[REQUIRED WORK] Since pictures are not part of the copy, please output only the lines from the one with "Maqueta iPhone 14" through the end of the data below, exactly as written.

[ENTRIES SHOWN]
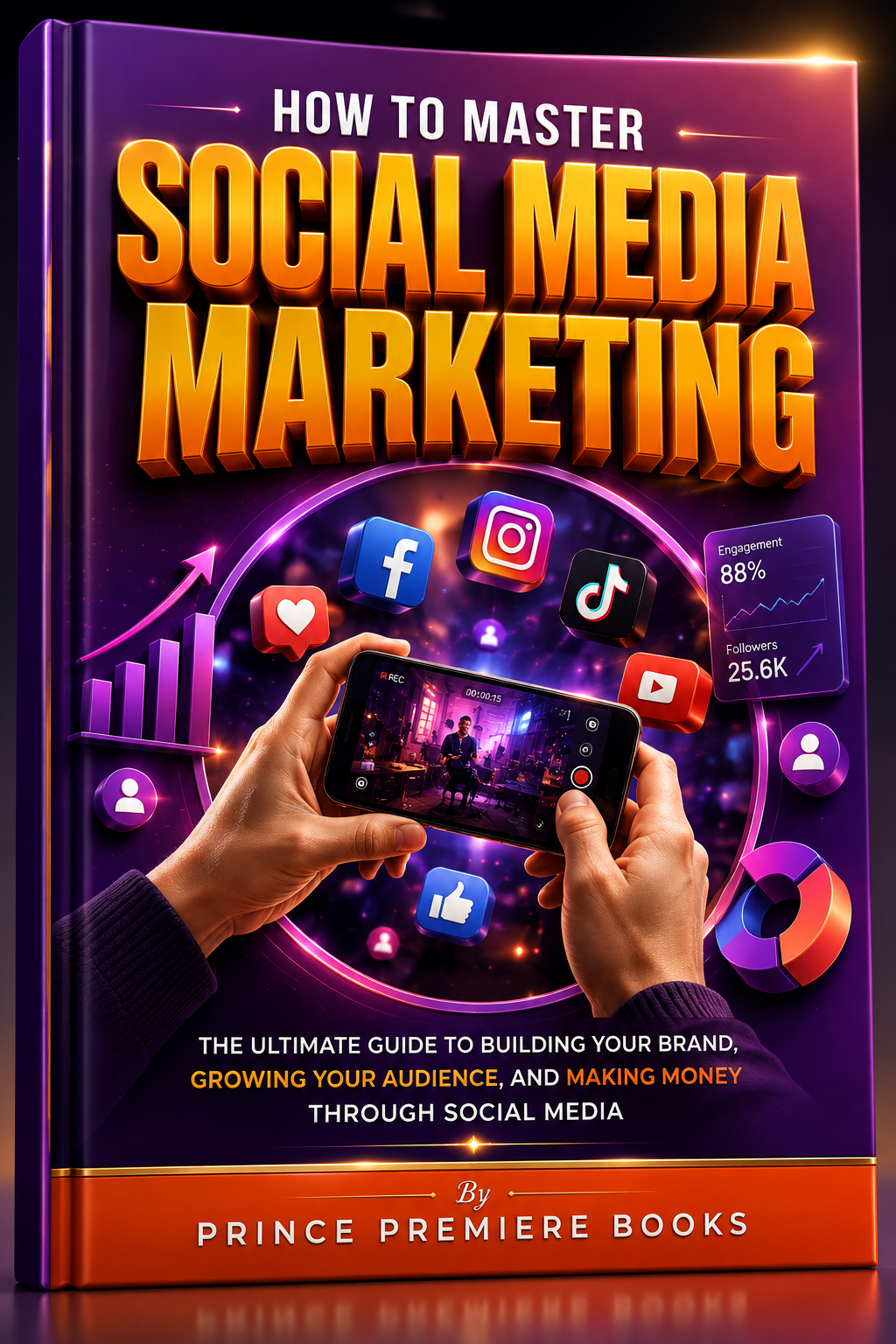 Ebook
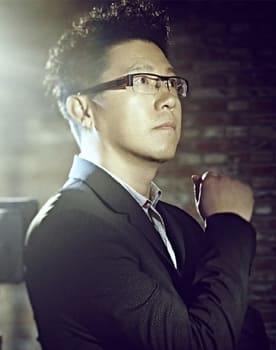 Lin Feng Lin Feng
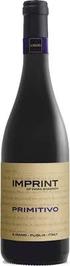 Imprint Primitivo
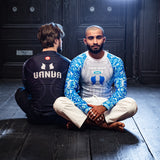Rash Guard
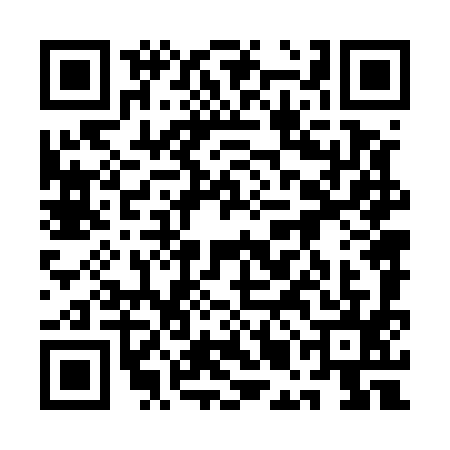 QR code for 1MN5957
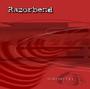 Razorbend profile picture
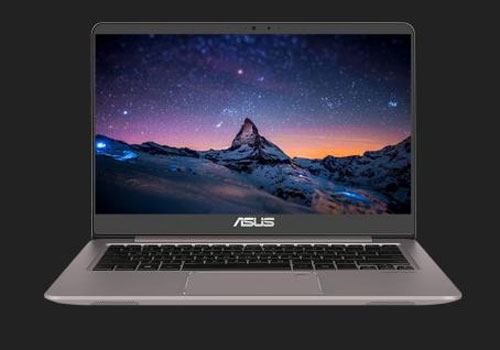 太原小店区华硕电脑售后客服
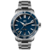 Relógio Christopher Ward C60 Trident Pro 300 Blue Automatic 38mm C60-38ADA31S0BB0-B0 - comprar online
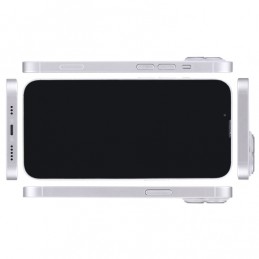 Maqueta iPhone 14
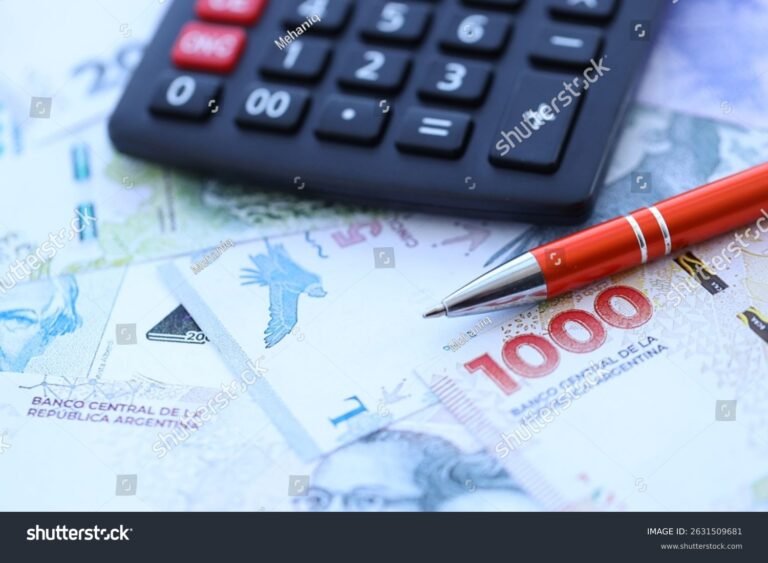 Qué Es Un Plazo Fijo UVA Precancellable y Cómo Funciona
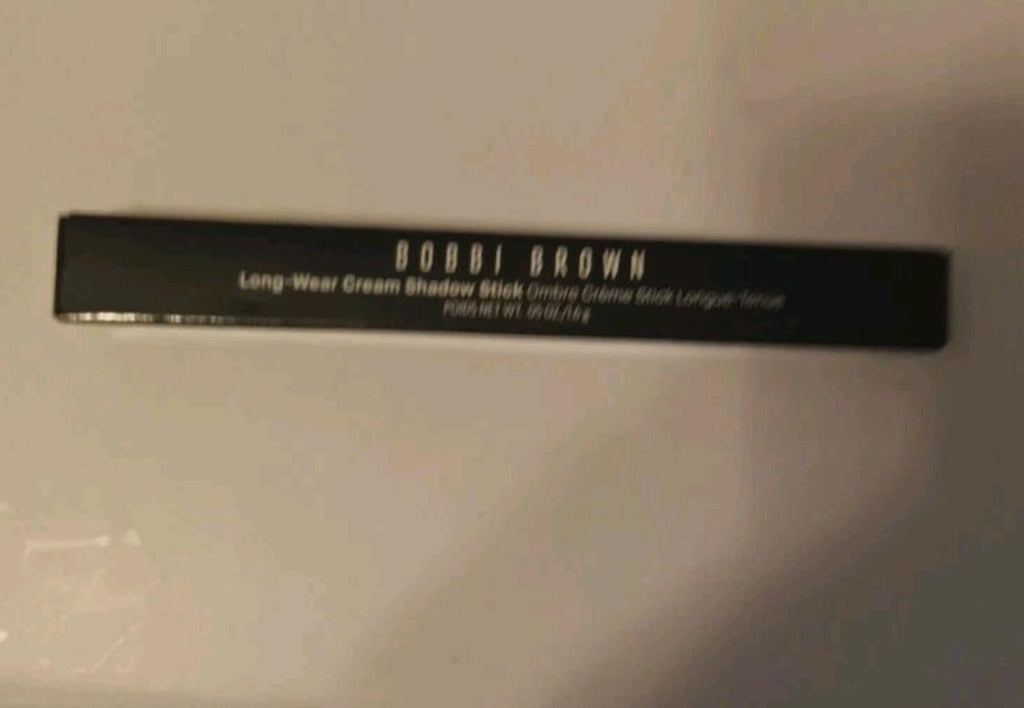 Bobbi Brown cream shadow stick Golden Light 1.6g
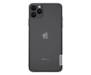 Чехол для Apple iPhone 11 Pro Nillkin Nature Series TPU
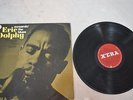 Eric Dolphy The Oliver Nelson Sextet Screaming The Blues LP Xtra 5039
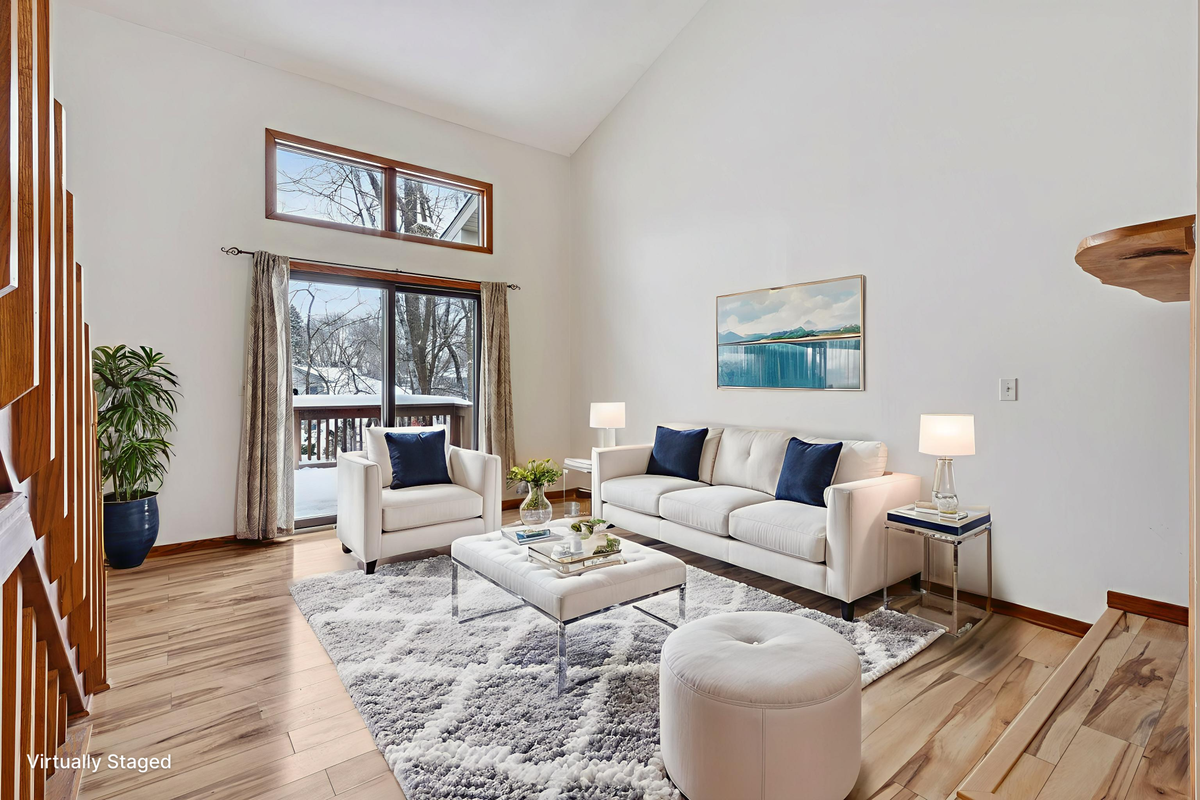 491 Sterling Street S, Saint Paul, MN 55119 - #1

[YOUR SOLUTION]
 Maqueta iPhone 14
 Qué Es Un Plazo Fijo UVA Precancellable y Cómo Funciona
 Bobbi Brown cream shadow stick Golden Light 1.6g
 Чехол для Apple iPhone 11 Pro Nillkin Nature Series TPU
 Eric Dolphy The Oliver Nelson Sextet Screaming The Blues LP Xtra 5039
 491 Sterling Street S, Saint Paul, MN 55119 - #1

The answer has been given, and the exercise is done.